> _DATASET EXCERPTS_
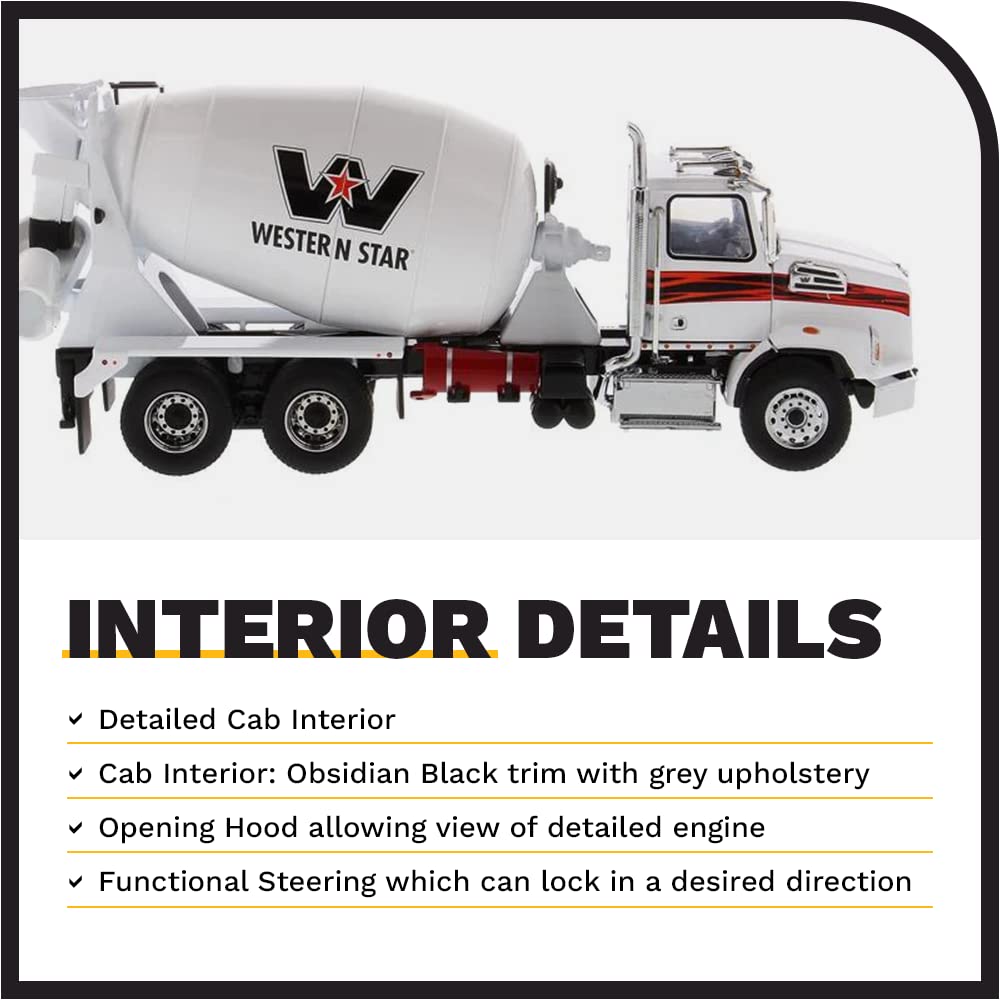 DIECAST MASTERS Western Star 4700 SB Concrete Mixer White Drum 71035 Cab/White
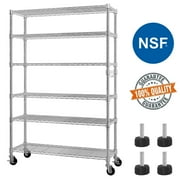 Ktaxon 6 Tier Wire Shelving with Wheels 2400LBS Capacity, Heavy Duty Storage Rack for Home Garage, 46"W x 18"D x 82"H Adjustable Shelves, Silver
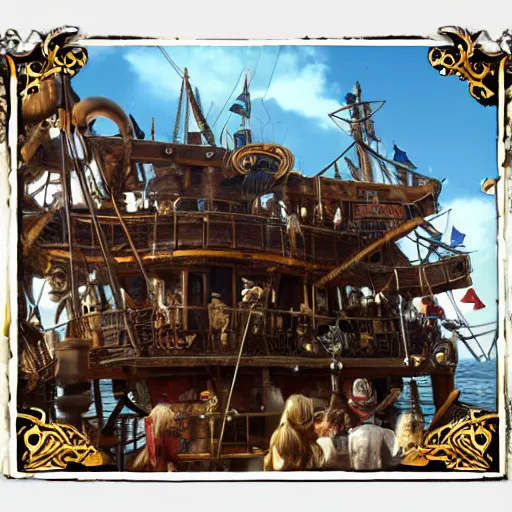 Prompt: interier view of award - winning pirate themed escape room set on the top deck on pirate ship from 1 7 2 0. steampunk. trending on artstation, realistic.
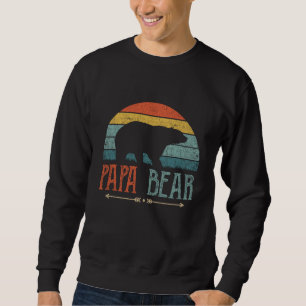 Papa Bear Vintag Daddy Vatertag Retro Vater Sweatshirt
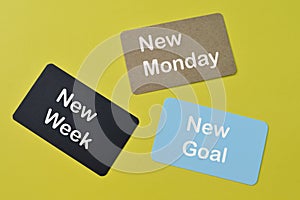 Colorful cards with text NEW MONDAY, NEW WEEK and NEW GOAL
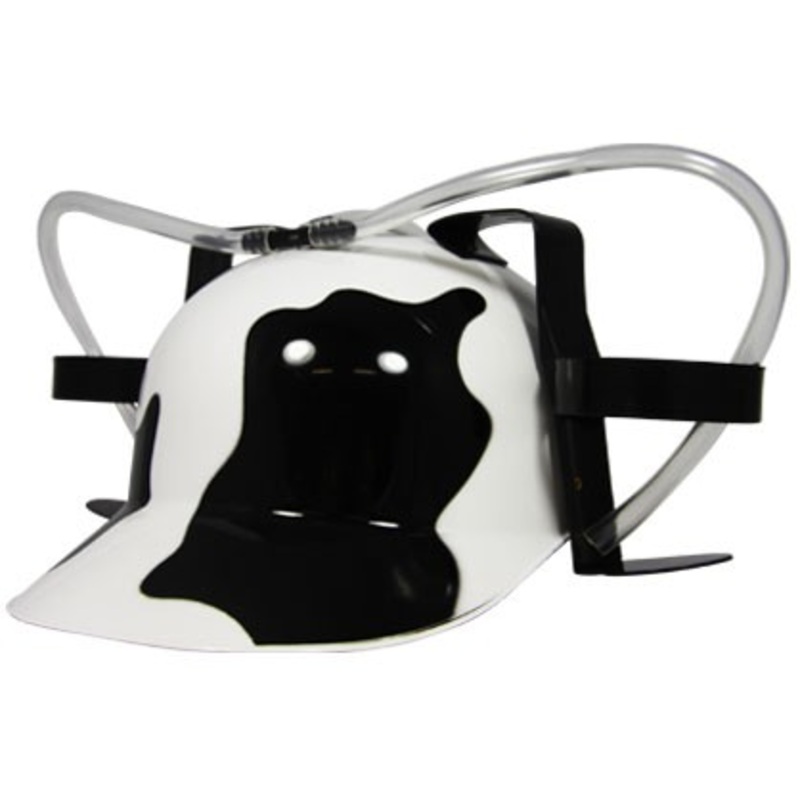 Drinking helmet with hose and bottle holder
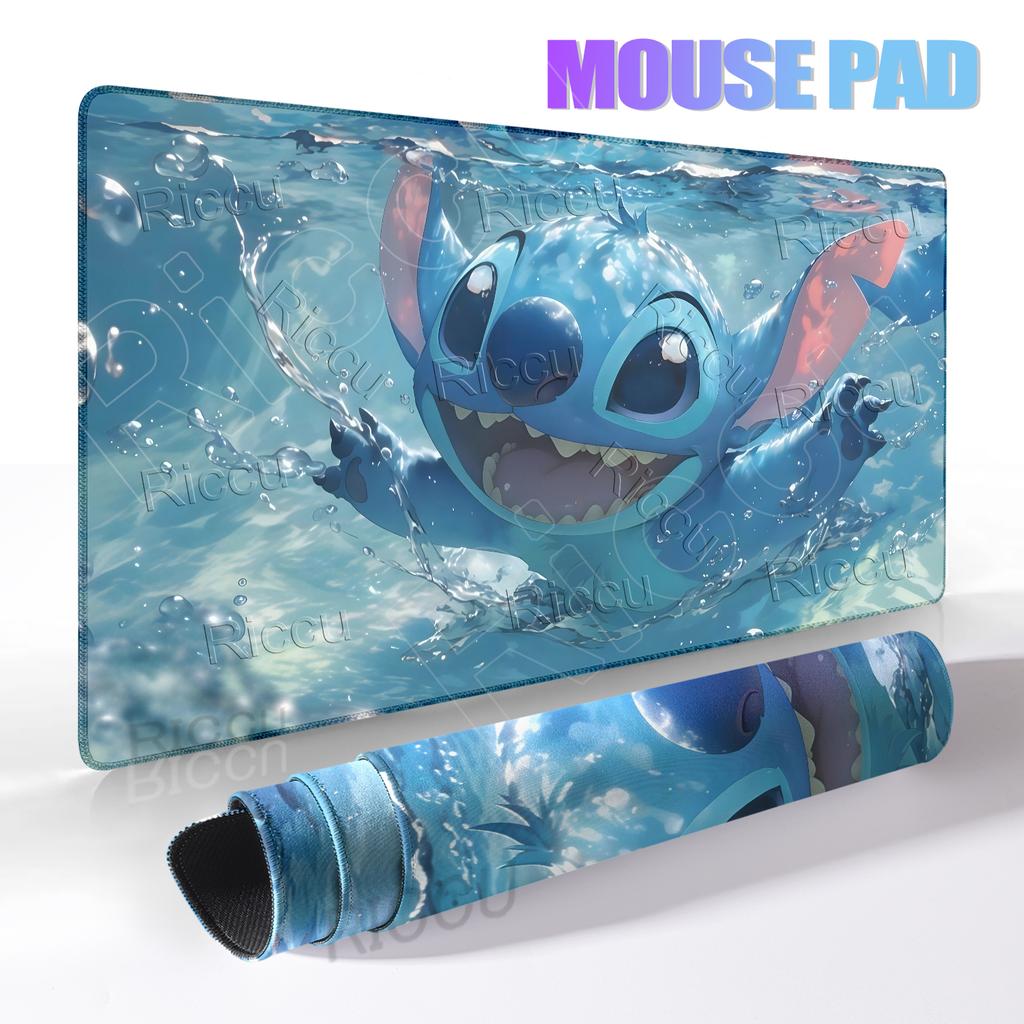 Cute Stitch Aesthetics Anime Mouse Pads XXL Computer Keyboard Carpet Gaming Offices Accessories Non-slip Mat Lockedge Rubber Pad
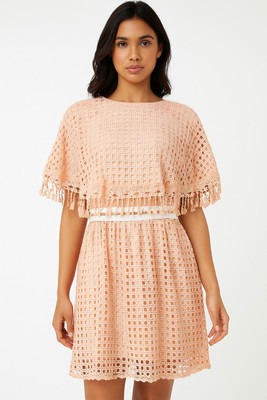 Anupama Collection Women Fit and Flare Pink Above Knee/Mid Thigh Length Dress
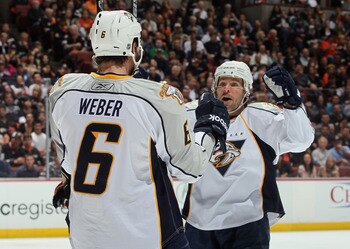 ANAHEIM, CA - APRIL 15:  Mike Fisher #12 of the Nashville Predators celebrates a goal by Shea Weber #6 against the Anaheim Ducks in the second period of Game Two of the Western Conference Quarterfinals during the 2011 NHL Stanley Cup Playoffs at Honda Cen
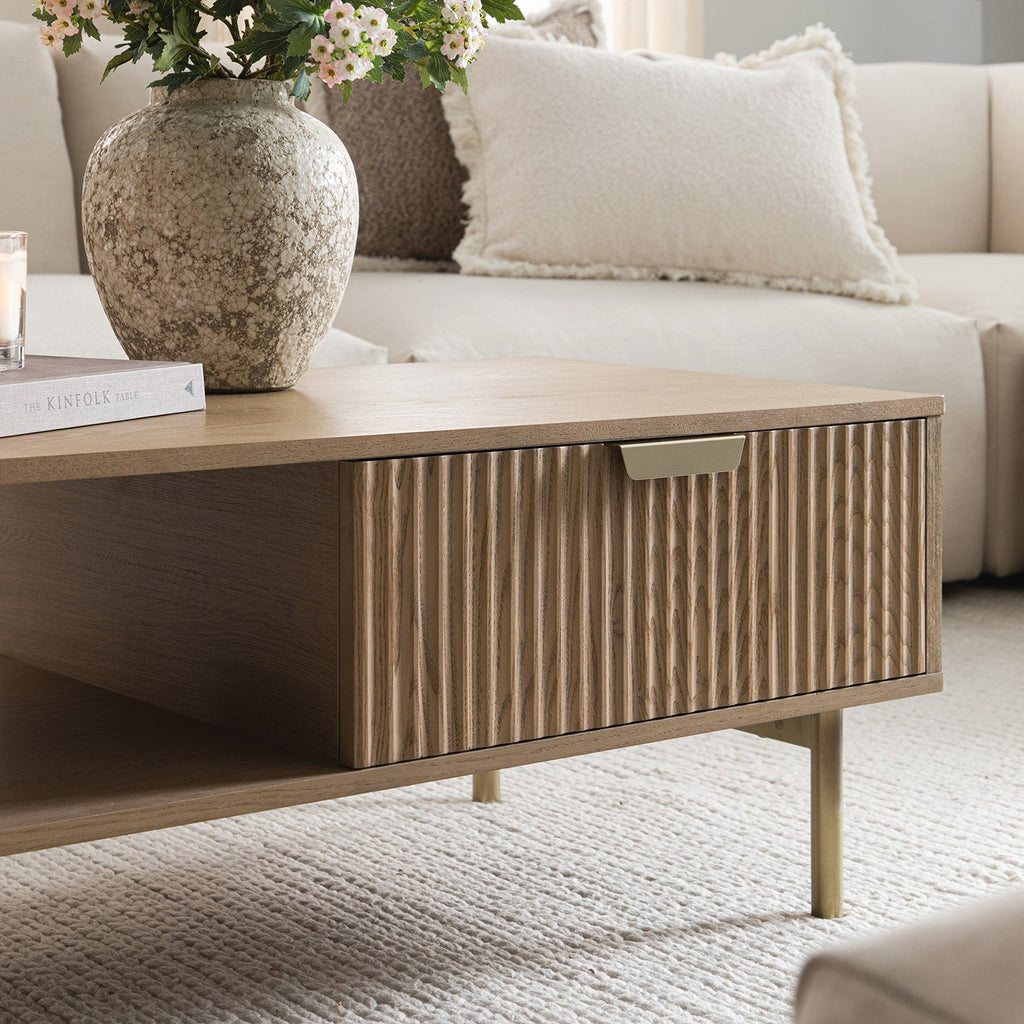 Richmond Ridged Coffee Table with Drawer, Light Ash — view 7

> _WORK TO BE COMPLETED_
Print exactly, with no pictures, the lines above from the one that holds "Drinking helmet with hose and bottle holder" through the one that holds "ANAHEIM, CA - APRIL", both of them included.

> _WORKED SOLUTION_
 Drinking helmet with hose and bottle holder
 Cute Stitch Aesthetics Anime Mouse Pads XXL Computer Keyboard Carpet Gaming Offices Accessories Non-slip Mat Lockedge Rubber Pad
 Anupama Collection Women Fit and Flare Pink Above Knee/Mid Thigh Length Dress
 ANAHEIM, CA - APRIL 15:  Mike Fisher #12 of the Nashville Predators celebrates a goal by Shea Weber #6 against the Anaheim Ducks in the second period of Game Two of the Western Conference Quarterfinals during the 2011 NHL Stanley Cup Playoffs at Honda Cen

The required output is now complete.